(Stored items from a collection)
§

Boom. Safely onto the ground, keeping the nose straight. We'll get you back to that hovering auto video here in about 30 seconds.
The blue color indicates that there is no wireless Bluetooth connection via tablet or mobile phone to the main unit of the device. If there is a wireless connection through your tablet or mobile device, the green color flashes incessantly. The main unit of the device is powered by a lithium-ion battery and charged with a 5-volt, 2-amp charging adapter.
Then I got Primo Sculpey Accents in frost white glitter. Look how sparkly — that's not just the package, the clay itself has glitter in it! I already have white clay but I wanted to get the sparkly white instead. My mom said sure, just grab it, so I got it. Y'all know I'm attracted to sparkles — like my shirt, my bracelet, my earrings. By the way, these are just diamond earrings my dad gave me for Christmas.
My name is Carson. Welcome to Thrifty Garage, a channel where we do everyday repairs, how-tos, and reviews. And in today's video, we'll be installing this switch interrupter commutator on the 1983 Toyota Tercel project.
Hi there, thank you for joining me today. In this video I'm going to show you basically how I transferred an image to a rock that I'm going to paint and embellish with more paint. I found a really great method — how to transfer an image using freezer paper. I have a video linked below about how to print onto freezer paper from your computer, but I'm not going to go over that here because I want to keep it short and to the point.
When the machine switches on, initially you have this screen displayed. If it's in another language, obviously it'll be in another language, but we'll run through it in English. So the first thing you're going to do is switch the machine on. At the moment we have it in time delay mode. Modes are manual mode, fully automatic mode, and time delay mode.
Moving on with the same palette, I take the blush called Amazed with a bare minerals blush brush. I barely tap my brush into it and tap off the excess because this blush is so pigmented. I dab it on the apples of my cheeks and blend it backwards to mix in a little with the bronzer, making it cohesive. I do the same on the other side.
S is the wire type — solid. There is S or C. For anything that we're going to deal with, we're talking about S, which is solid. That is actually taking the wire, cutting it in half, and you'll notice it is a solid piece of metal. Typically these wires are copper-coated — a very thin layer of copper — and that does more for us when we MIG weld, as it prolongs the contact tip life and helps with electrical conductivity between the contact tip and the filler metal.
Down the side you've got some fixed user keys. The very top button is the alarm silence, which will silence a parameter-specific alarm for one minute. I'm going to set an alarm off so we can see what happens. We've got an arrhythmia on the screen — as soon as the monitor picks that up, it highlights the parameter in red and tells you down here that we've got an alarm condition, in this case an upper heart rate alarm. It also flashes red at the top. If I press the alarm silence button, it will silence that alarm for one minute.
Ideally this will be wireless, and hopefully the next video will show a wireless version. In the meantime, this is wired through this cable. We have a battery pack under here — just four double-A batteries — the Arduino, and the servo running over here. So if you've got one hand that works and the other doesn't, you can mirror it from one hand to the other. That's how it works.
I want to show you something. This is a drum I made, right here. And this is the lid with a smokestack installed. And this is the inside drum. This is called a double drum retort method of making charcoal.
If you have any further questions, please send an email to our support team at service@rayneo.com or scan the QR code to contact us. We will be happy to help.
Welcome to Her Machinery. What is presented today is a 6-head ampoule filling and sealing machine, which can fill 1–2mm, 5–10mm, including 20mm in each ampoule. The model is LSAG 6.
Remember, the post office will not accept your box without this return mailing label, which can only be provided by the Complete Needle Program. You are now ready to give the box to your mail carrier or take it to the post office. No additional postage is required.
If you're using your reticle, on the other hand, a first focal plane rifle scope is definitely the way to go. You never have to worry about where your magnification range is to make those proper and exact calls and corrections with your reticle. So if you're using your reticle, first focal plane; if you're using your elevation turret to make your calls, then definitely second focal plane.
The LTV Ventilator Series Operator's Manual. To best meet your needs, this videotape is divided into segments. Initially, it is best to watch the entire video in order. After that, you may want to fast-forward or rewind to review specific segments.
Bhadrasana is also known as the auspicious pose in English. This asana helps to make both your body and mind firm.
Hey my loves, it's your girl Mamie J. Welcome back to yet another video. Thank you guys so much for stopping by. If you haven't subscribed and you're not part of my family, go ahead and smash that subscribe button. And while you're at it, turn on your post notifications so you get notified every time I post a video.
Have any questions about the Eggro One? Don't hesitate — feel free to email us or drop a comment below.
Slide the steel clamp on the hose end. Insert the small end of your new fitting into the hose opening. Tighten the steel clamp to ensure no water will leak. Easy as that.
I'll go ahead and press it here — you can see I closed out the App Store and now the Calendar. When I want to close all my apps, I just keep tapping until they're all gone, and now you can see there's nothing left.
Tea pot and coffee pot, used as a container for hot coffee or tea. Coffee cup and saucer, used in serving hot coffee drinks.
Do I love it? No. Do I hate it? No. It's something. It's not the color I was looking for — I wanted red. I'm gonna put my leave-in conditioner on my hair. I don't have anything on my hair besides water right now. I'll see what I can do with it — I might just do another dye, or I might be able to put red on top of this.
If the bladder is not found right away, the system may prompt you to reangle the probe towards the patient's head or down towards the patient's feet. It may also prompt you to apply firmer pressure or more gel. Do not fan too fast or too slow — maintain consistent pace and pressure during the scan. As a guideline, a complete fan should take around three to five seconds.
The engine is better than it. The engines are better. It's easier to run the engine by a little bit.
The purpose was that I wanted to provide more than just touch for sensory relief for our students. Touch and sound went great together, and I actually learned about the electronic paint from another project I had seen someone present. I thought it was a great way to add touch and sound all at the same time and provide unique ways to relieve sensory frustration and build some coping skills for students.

§

Could you output exactly the lines from the one containing "The engine is" to the end of the entries above, both included, and no others?

» RESPONSE BELOW:
The engine is better than it. The engines are better. It's easier to run the engine by a little bit.
The purpose was that I wanted to provide more than just touch for sensory relief for our students. Touch and sound went great together, and I actually learned about the electronic paint from another project I had seen someone present. I thought it was a great way to add touch and sound all at the same time and provide unique ways to relieve sensory frustration and build some coping skills for students.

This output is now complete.